Desafios para encontrar alguém que, de fato, faça frente a Lula e Bolsonaro são uma corrida contra o relógio – a qual, parece, os postulantes estão perdendo

De um lado, o atual presidente da República, com o que seria hoje o nicho de – pelo menos ou ainda – um quarto dos eleitores, além da máquina eleitoral e o apoio de boa parte do empresariado e do agronegócio. Do outro, um ex-presidente que terminou seu governo com altíssima popularidade, deixou saudades em boa parte dos brasileiros, foi envolvido e condenado por escândalos de corrupção, viu as sentenças serem anuladas e seu juiz declarado parcial e que, em vista da atual crise econômica e política, aparece para lhes trazer esperança, liderando com folga todas as pesquisas da corrida presidencial.

No meio desses dois flancos, uma turma que luta para se viabilizar como uma terceira via tentando convencer os cerca de 30% que não estão nem com Jair Bolsonaro (sem partido) nem com Luiz Inácio Lula da Silva (PT), de acordo com os levantamentos de intenção de voto. São os possíveis candidatos a ocupar o centro político, todos tendo de trabalhar com esse potencial de não eleitores dos primeiros colocados.

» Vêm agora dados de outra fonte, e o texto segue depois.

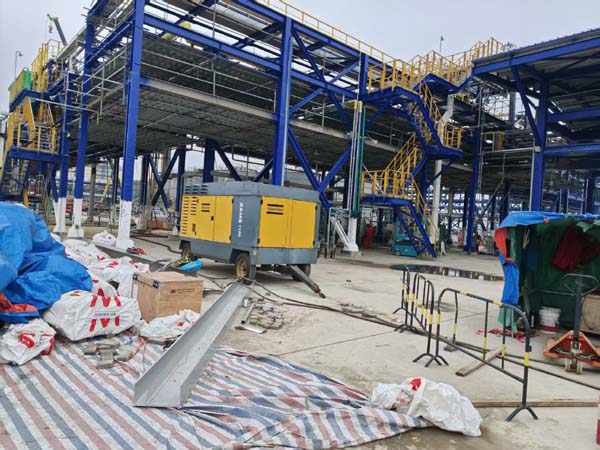 阿特拉斯XAMS1150柴驱空压机租赁:化工管道吹扫高效动力的可靠之选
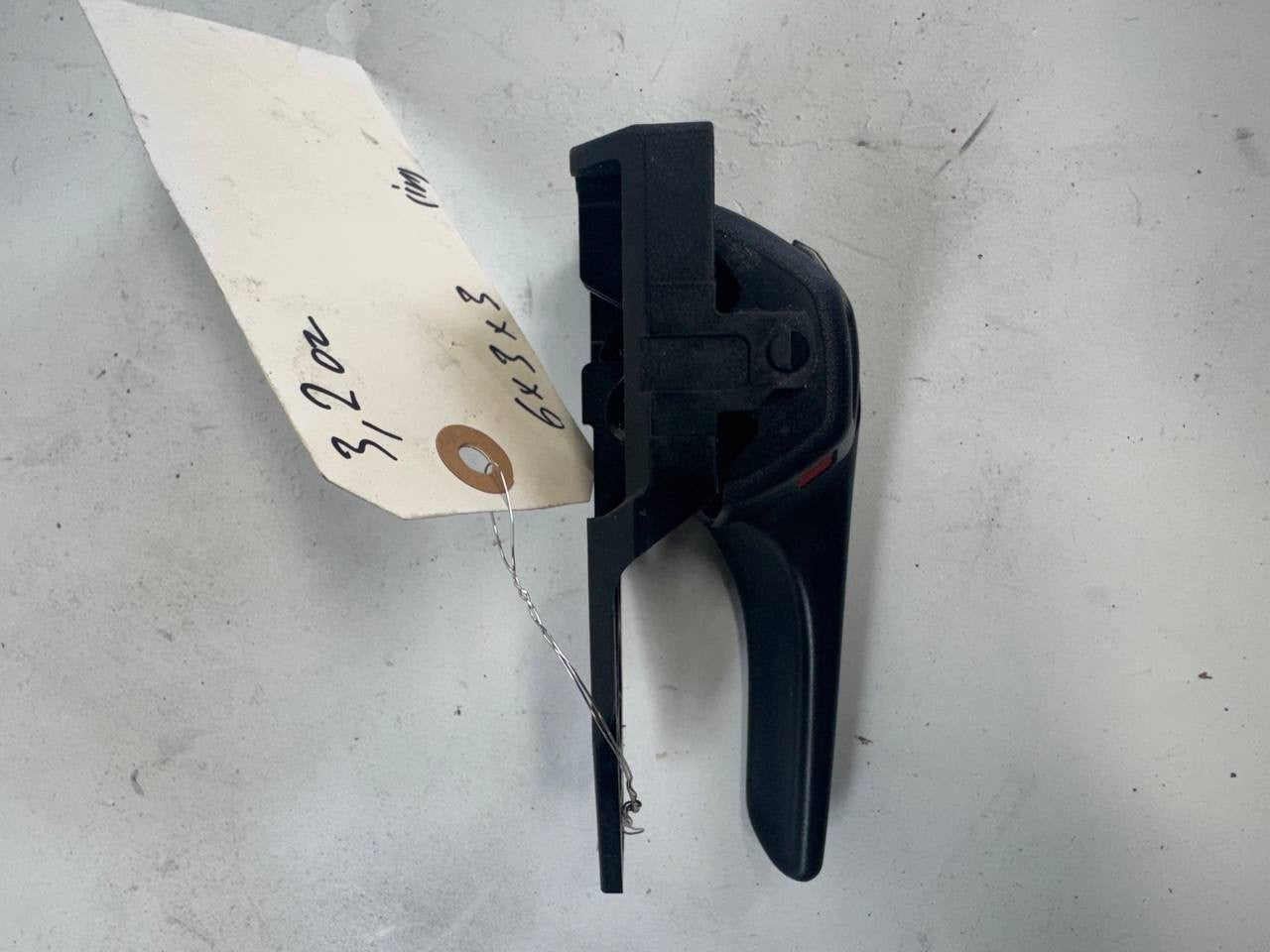 2022 Hino L6 Right Interior Door Handle RH OEM Used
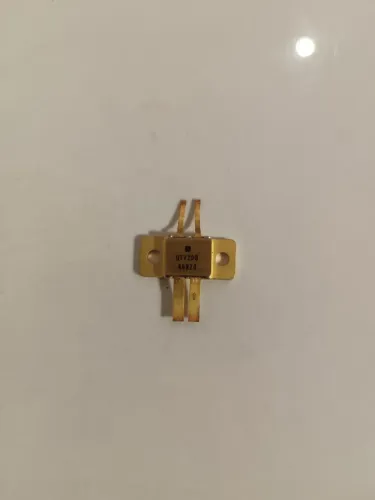 Transistor UTV200, um semicondutor de potência de silício do tipo NPN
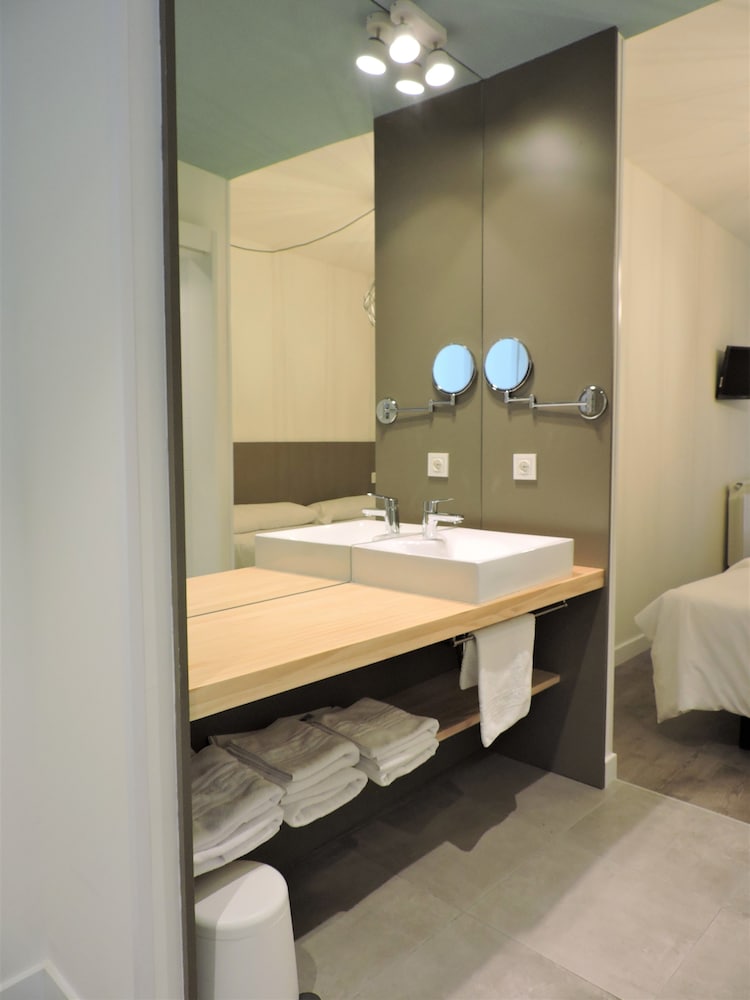 El Hotel Jacobeo 57/60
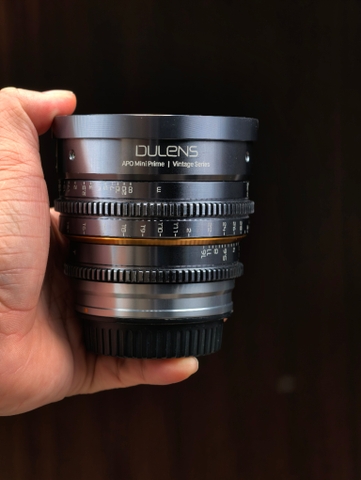 Dulens APO Mini Prime 31mm T2.4 Lens (PL & EF Mount) likenew fullbox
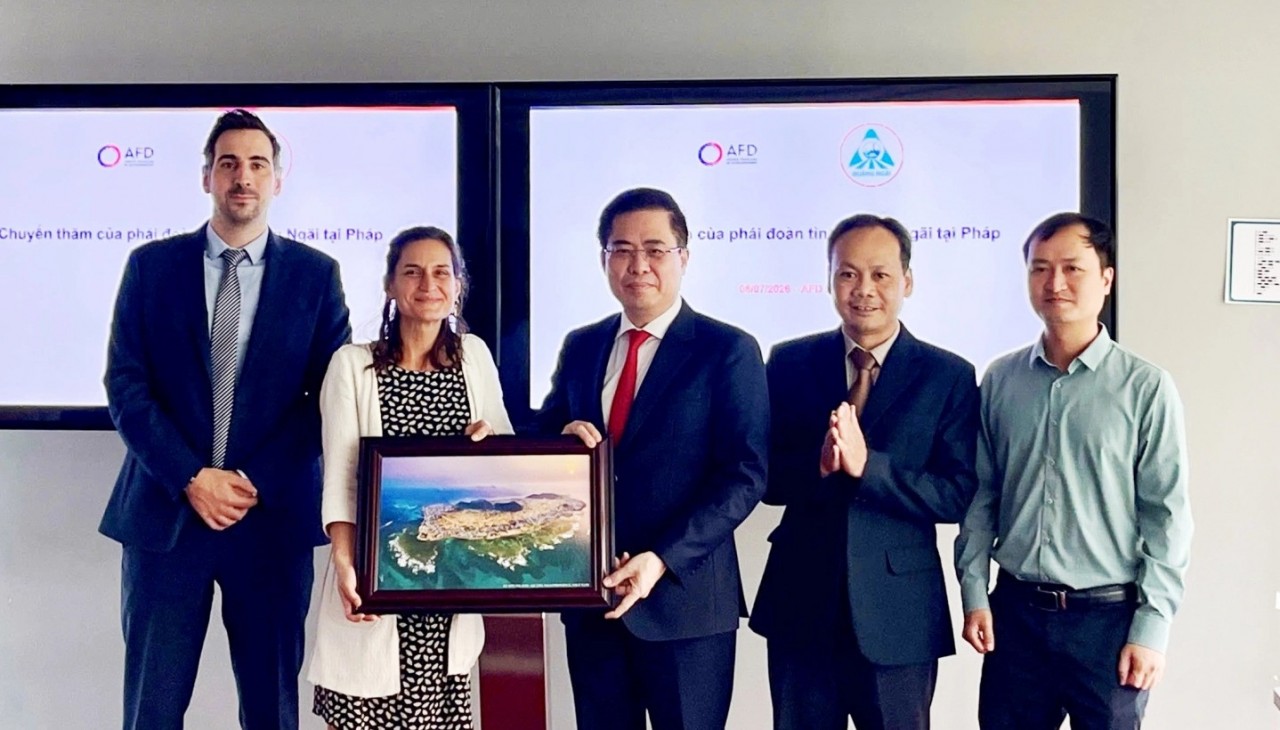 Nguyen Hoang Giang, Chairman of the Quang Ngai Provincial People's Committee (center), presents a commemorative gift to leaders of the French Development Agency (AFD). (Photo: Quang Ngai Newspaper) Nguyen Hoang Giang, Chairman of the Quang Ngai Provincial People's Committee (center), presents a commemorative gift to leaders of the French Development Agency (AFD). (Photo: Quang Ngai Newspaper)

Muitos dessa fatia ainda estão indecisos – o que significa que podem, inclusive, votar em um dos dois polos da disputa. Com algum otimismo, sobrariam 25% dos votos para ser divididos entre Ciro Gomes (PDT), Luiz Henrique Mandetta (DEM), José Luiz Datena (PSL), Rodrigo Pacheco (hoje no DEM, mas que deve se filiar ao PSD se for disputar) e o candidato do PSDB (hoje, João Doria ou Eduardo Leite).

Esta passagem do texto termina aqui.